* [WORK TASK]:
All lines from the one that contains "Wohn-/Essbereich - Etagenwohnung" through the close of the entries below are to be repeated exactly, without any pictures.

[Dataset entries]

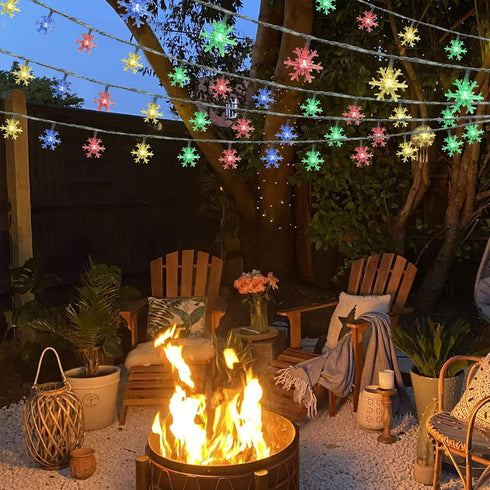 AUAUY 40 19.6FT 2 Snowflakes String Lights, LED String Lights Battery Operated Modes, Waterproof Outdoor Lights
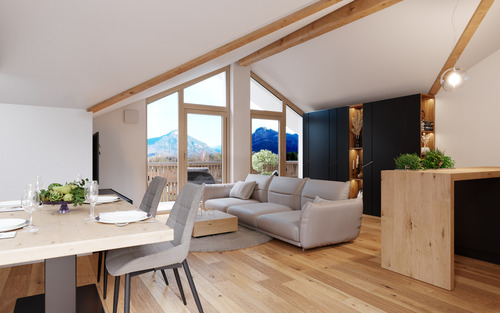 Wohn-/Essbereich - Etagenwohnung mit 43,10 m² in Brannenburg zum Kaufen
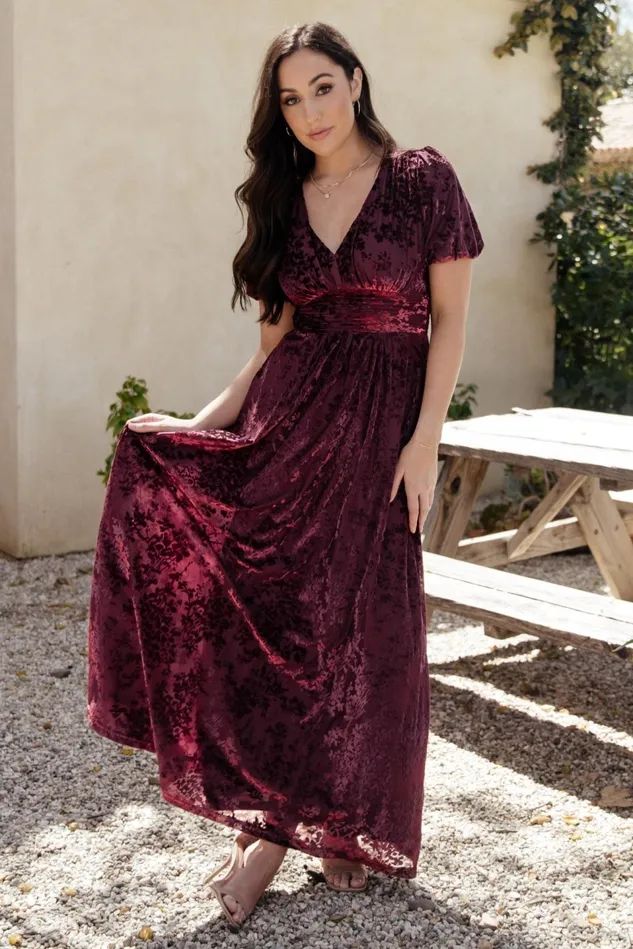 Baltic Born Wedding Guest Women Leslie Velvet Maxi Dress Mulberry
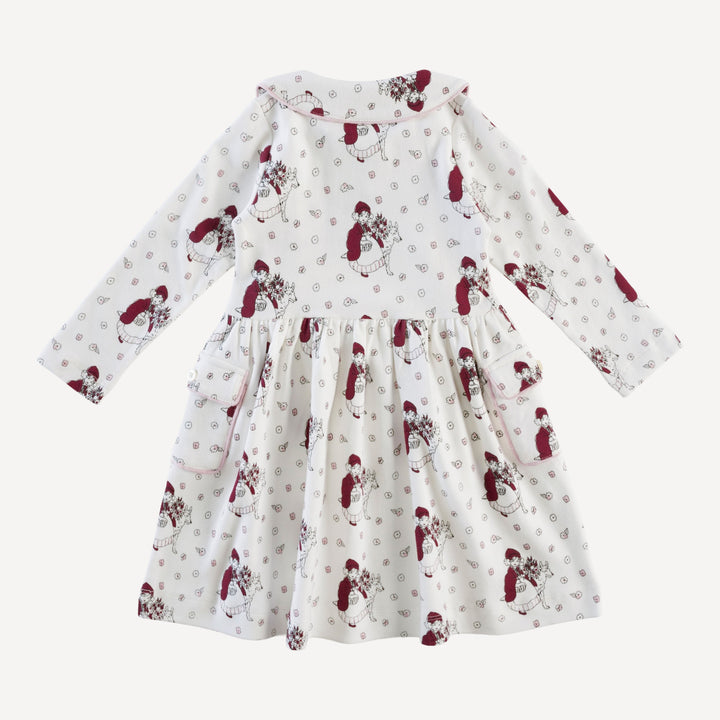 long sleeve peter pan apron dress | little red | organic cotton interlock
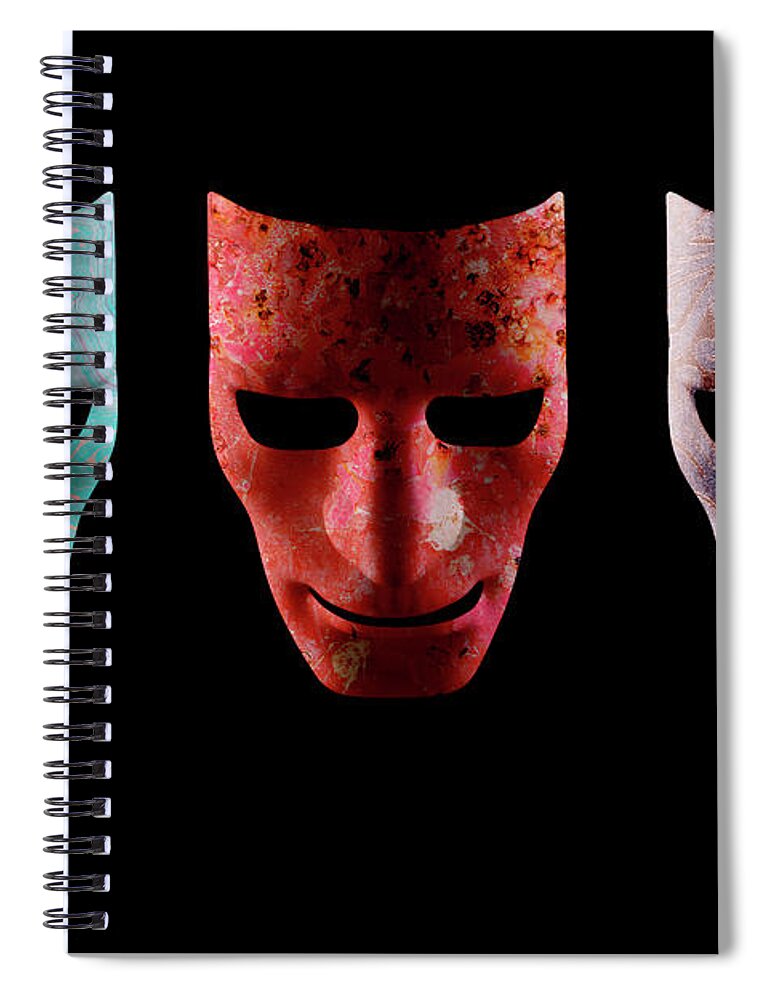 Mask Spiral Notebook featuring the photograph Three textured AI robotic face masks by Simon Bratt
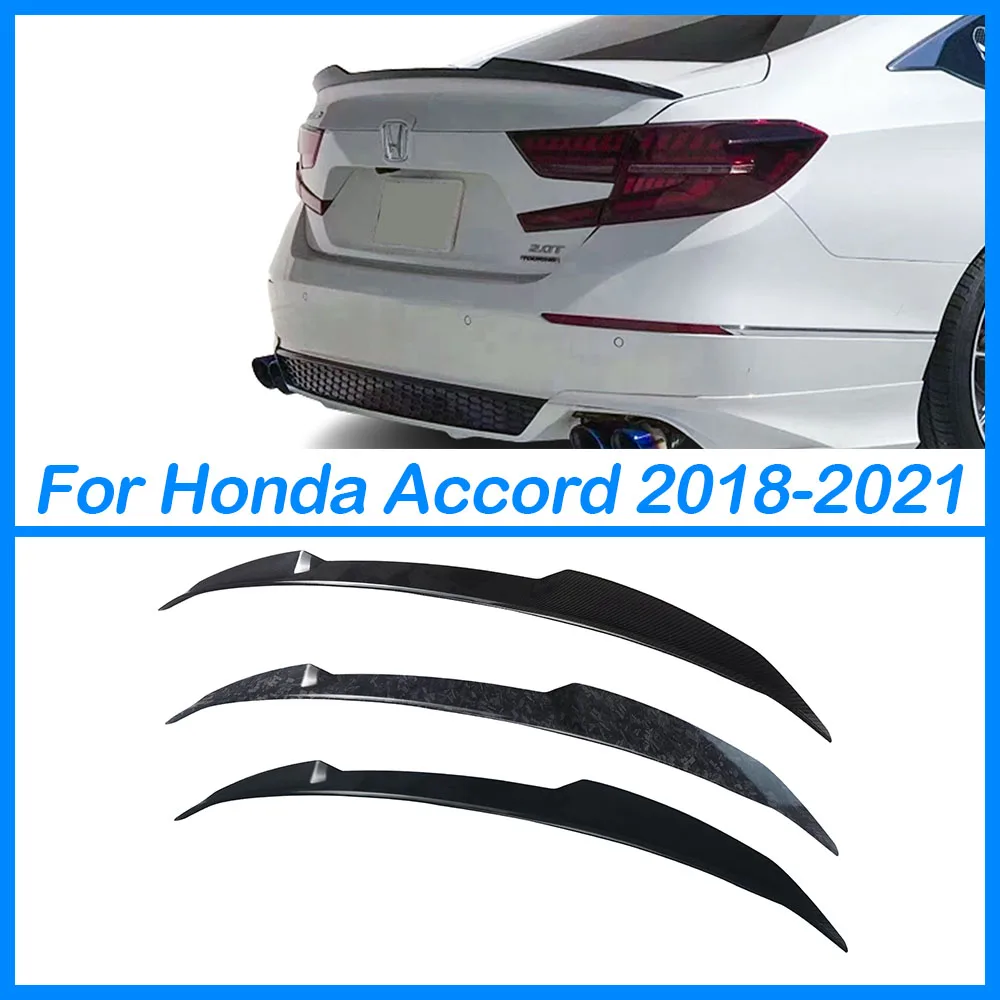 

Для Honda Accord 2018 2019 2020 + задний багажник задние крылья спойлер комплект кузова Аксессуары FRP Кованое покрытие глянцевое черное углеродное волокно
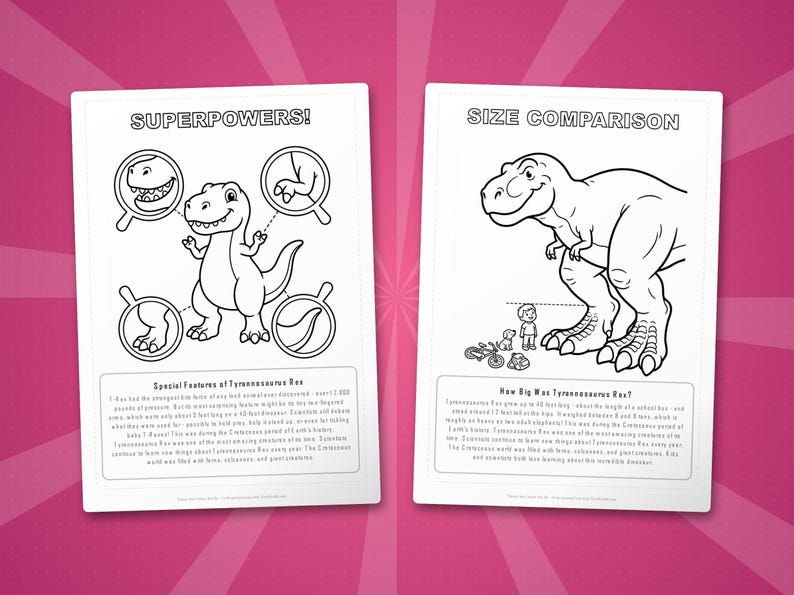 Tyrannosaurus Rex Activity Bundle | Coloring Pages, Worksheets, Facts (Instant PDF) image 8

* [EXERCISE RESULT]:
 Wohn-/Essbereich - Etagenwohnung mit 43,10 m² in Brannenburg zum Kaufen
 Baltic Born Wedding Guest Women Leslie Velvet Maxi Dress Mulberry
 long sleeve peter pan apron dress | little red | organic cotton interlock
 Mask Spiral Notebook featuring the photograph Three textured AI robotic face masks by Simon Bratt

Для Honda Accord 2018 2019 2020 + задний багажник задние крылья спойлер комплект кузова Аксессуары FRP Кованое покрытие глянцевое черное углеродное волокно
 Tyrannosaurus Rex Activity Bundle | Coloring Pages, Worksheets, Facts (Instant PDF) image 8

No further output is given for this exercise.